Work task >>
Retype the listing below exactly, pictures removed.

Data excerpt >>
.....

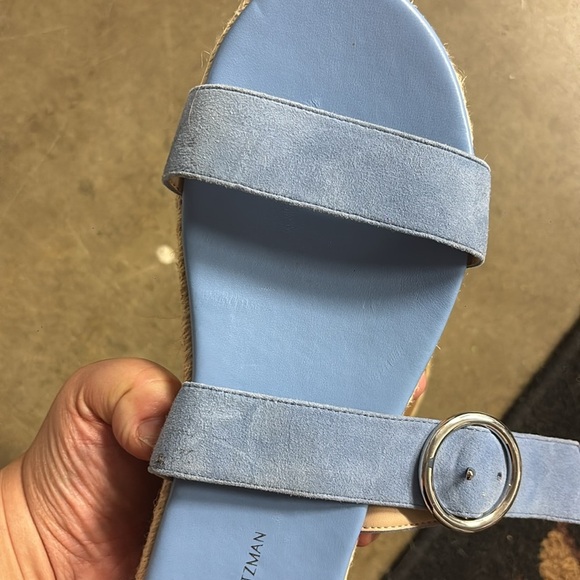 Stuart Weitzman Mykonos Two Strap Suede Blue Periwinkle Sandals Size 9 - Picture 3 of 4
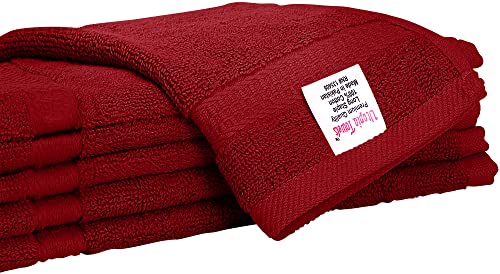 Utopia Towels [12 Pack Premium Wash Cloths Set (12 X 12 Inches) 100% Cotton Ring Spun, Highly Absorbent And Soft Feel Essential Washcloths For Bathroom, Spa, Gym, And Face Towel (Red) #TOP4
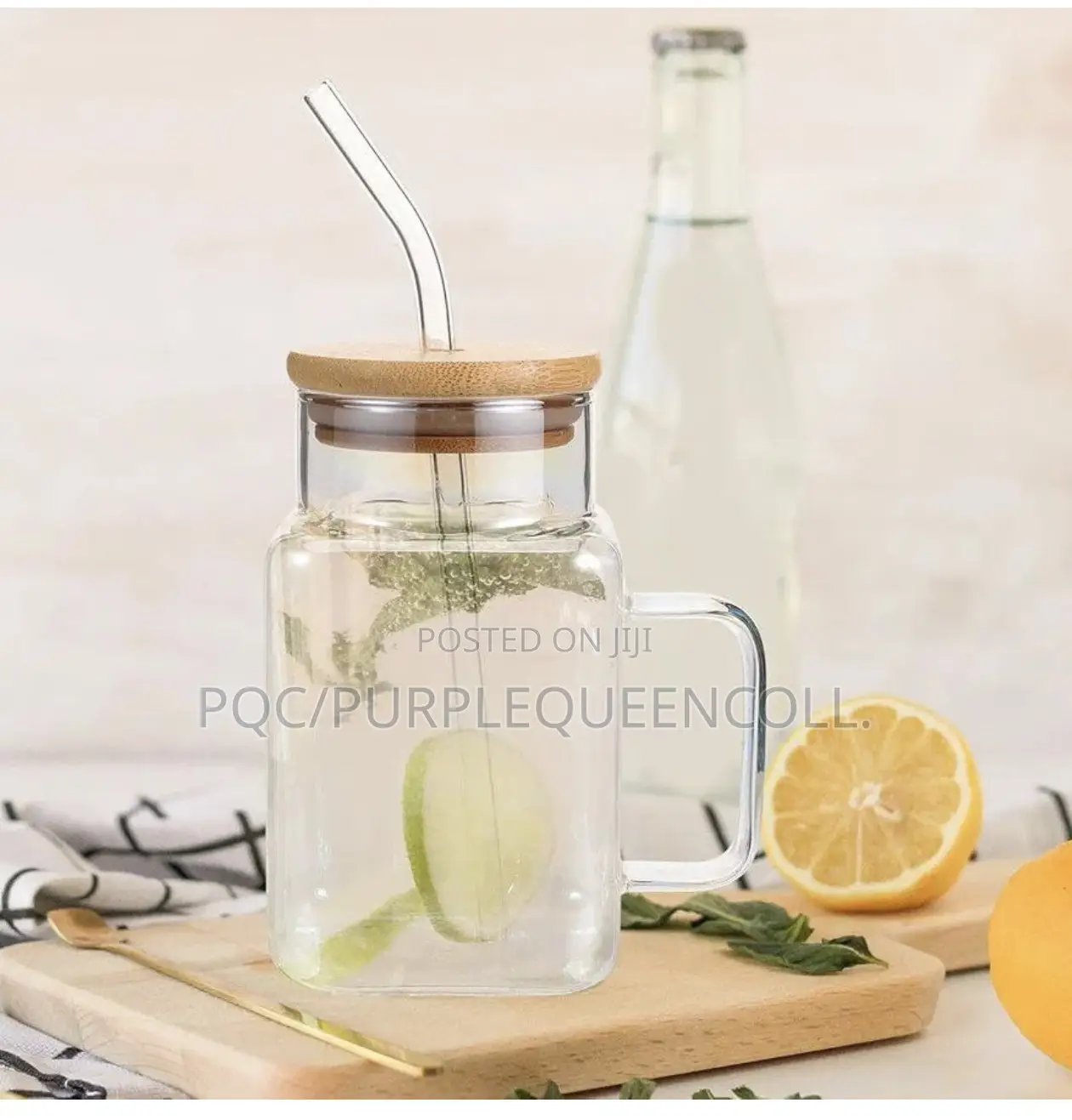 Mason Cocktail Glass Bottle Jar With Wooden Cover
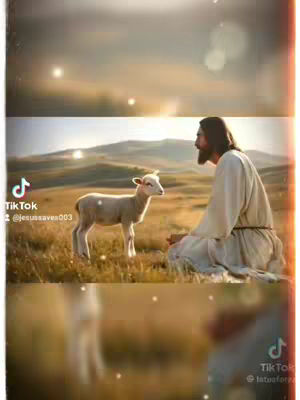 The image shows a serene, idyllic scene featuring Jesus and a lamb. Jesus, with flowing hair, is kneeling in a field, looking at a lamb standing before him. The background is a soft focus of rolling hills with a warm, golden light suggesting either sunrise or sunset, and a few glowing orbs that indicate a divine atmosphere. A TikTok logo and username are visible in the corner.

.....

Result for this task >>
 Stuart Weitzman Mykonos Two Strap Suede Blue Periwinkle Sandals Size 9 - Picture 3 of 4
 Utopia Towels [12 Pack Premium Wash Cloths Set (12 X 12 Inches) 100% Cotton Ring Spun, Highly Absorbent And Soft Feel Essential Washcloths For Bathroom, Spa, Gym, And Face Towel (Red) #TOP4
 Mason Cocktail Glass Bottle Jar With Wooden Cover
 The image shows a serene, idyllic scene featuring Jesus and a lamb. Jesus, with flowing hair, is kneeling in a field, looking at a lamb standing before him. The background is a soft focus of rolling hills with a warm, golden light suggesting either sunrise or sunset, and a few glowing orbs that indicate a divine atmosphere. A TikTok logo and username are visible in the corner.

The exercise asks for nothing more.